Exercise objective
Transcribe all the records exactly and omit any images they hold.

──────── Listed records ────────

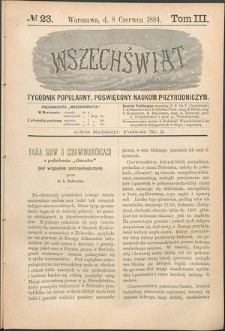 Wszechświat : Tygodnik popularny, poświęcony naukom przyrodniczym, 1884, T. 3, nr 23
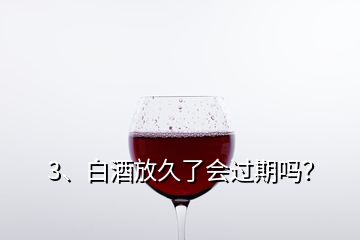 3、白酒放久了會過期嗎？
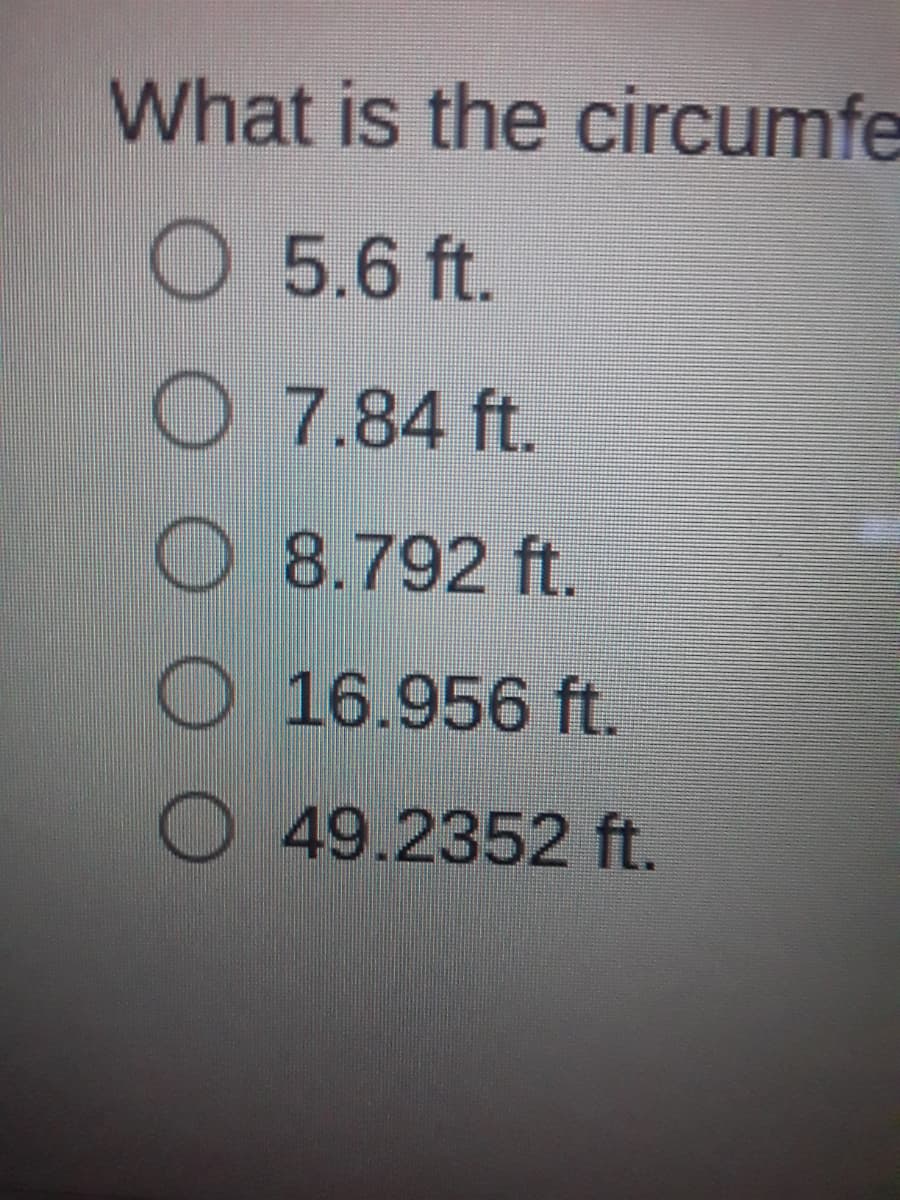 What is the circumfe
O 5.6 ft.
7.84 ft.
O 8.792 ft.
O 16.956 ft.
O49.2352 ft.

────────

The completed task
 Wszechświat : Tygodnik popularny, poświęcony naukom przyrodniczym, 1884, T. 3, nr 23
 3、白酒放久了會過期嗎？
 What is the circumfe
O 5.6 ft.
7.84 ft.
O 8.792 ft.
O 16.956 ft.
O49.2352 ft.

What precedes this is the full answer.